Iceland’s second major volcanic explosion in less than a month (see also my blog of March 21) has led to the cancellation of all flights across the UK for the second day running. Ireland, the Scandinavian countries, Belgium and the Netherlands also closed their airspace yesterday, while France and Germany suffered severe disruption.
It is a reminder of how the ash flung out from a volcano can be even more devastating than the eruption itself. The eruption of Laki on Iceland in June, 1783 produced a cloud that spread as far as Moscow and Baghdad. In England, it turned the weather bleak and foggy while in Alaska, the Kauwerak tribe dubbed 1783 “the year summer did not come.” There followed one of the worst winters in 250 years in Europe and America. According to some estimates, the eruption indirectly caused up to 200,000 deaths.
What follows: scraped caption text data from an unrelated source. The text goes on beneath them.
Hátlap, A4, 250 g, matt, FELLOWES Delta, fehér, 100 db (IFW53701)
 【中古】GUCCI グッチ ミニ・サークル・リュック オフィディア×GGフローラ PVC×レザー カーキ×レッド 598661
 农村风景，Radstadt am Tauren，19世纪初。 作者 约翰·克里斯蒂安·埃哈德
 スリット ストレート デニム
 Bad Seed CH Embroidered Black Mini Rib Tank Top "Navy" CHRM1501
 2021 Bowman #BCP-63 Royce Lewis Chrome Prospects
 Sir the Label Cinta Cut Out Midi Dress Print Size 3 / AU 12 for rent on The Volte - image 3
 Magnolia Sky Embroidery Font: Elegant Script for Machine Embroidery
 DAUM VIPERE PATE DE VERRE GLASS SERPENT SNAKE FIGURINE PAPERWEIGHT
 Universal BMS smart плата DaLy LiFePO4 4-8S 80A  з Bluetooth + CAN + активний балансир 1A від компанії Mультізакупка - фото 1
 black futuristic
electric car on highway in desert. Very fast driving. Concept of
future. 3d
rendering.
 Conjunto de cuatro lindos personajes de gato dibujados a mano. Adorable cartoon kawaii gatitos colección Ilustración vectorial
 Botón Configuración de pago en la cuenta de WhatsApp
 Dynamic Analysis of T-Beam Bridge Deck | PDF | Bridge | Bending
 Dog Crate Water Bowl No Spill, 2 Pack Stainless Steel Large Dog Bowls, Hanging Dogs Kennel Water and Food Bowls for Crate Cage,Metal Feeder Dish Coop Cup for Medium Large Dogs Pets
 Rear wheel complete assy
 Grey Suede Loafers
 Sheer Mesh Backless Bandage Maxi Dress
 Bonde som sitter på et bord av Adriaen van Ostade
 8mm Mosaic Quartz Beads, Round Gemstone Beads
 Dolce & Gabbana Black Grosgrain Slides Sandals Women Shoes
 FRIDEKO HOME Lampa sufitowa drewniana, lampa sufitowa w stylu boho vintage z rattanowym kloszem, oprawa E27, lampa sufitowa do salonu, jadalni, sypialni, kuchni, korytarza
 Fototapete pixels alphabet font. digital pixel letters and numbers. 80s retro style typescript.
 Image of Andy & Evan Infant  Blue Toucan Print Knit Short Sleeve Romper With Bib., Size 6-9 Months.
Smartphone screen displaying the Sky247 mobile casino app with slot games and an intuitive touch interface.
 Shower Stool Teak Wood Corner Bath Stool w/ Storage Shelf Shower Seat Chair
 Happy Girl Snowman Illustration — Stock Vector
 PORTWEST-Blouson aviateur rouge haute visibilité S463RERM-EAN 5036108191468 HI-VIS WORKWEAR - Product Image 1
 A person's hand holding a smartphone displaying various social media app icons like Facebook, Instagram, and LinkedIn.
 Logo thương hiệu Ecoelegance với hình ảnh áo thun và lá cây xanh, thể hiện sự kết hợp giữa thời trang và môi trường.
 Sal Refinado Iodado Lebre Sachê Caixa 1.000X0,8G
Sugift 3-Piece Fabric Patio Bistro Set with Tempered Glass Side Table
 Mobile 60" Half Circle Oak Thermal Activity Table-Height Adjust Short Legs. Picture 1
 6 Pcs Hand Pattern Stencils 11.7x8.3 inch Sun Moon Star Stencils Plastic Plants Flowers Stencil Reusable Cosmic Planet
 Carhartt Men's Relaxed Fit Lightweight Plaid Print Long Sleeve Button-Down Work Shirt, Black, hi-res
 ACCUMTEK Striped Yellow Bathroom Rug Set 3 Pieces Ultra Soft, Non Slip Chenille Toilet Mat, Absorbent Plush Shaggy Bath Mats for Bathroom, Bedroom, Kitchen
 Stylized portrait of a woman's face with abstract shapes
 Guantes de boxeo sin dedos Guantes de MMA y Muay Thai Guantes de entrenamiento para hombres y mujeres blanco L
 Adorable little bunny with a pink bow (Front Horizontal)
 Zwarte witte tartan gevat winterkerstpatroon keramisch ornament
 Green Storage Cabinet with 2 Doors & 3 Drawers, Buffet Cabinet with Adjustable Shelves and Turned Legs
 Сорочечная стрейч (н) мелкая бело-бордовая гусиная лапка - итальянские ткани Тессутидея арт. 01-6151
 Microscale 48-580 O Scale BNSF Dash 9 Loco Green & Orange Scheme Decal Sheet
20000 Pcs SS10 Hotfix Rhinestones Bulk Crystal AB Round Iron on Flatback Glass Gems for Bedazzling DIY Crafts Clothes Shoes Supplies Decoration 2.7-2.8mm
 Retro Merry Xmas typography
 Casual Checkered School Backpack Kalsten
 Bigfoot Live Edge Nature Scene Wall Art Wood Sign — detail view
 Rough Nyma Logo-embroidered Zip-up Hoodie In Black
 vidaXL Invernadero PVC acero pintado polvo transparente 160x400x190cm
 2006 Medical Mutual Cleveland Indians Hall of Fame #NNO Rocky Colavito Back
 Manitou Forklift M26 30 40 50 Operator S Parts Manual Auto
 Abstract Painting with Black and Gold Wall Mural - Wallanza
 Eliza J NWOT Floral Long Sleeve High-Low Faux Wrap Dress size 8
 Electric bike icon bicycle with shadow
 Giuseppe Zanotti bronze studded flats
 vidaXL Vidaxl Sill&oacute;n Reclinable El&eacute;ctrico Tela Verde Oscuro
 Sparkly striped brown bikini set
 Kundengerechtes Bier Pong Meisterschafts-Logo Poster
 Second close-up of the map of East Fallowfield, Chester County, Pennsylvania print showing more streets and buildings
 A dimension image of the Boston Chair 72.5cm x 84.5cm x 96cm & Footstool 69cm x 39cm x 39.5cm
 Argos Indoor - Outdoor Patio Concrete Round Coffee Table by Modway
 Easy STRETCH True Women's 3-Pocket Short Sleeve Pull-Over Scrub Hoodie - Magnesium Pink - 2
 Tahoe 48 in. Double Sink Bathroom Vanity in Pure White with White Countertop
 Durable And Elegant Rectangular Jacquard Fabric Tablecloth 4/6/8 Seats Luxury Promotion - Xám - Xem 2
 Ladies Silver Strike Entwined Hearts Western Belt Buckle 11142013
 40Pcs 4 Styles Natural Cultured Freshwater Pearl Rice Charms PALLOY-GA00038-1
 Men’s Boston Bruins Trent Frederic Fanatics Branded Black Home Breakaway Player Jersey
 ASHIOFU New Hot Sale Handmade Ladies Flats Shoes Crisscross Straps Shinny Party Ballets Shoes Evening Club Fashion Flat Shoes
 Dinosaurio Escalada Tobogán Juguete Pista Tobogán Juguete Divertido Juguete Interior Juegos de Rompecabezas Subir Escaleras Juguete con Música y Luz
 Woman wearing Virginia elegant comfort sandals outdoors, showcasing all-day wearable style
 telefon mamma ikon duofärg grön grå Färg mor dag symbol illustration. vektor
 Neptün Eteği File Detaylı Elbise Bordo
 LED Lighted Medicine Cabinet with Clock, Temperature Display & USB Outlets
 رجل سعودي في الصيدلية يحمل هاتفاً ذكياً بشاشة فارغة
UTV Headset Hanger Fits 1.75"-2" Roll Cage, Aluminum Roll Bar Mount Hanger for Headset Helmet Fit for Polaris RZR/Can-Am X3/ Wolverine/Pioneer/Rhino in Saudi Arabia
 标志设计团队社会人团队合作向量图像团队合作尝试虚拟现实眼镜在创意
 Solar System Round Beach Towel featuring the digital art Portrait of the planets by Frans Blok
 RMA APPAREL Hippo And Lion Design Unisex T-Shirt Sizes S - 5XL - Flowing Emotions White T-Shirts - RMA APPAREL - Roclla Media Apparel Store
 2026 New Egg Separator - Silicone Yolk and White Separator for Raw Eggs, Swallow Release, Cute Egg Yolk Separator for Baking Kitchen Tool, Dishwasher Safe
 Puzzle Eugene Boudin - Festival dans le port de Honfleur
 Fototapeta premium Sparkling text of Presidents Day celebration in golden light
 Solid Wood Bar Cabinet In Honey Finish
The effects of Laki were probably exacerbated by the eruption of another volcano two months later – Mount Asama in Japan. It lowered temperatures, causing crop failure and famine, with harvests not recovering for a decade.
Indonesia’s Tambora went up in smoke in 1815, producing another year without a summer. Snow fell in Canada and New England in June, and in England in July. The famine and disease of the aftermath were deadly enough to kill perhaps 80,000 in Indonesia and 200,000 in Europe. Alarming, but not as deadly as the prehistoric eruption at Toba (also in Indonesia). The volcanic winter that followed is reckoned to have wiped out 99% of the humans then walking the earth.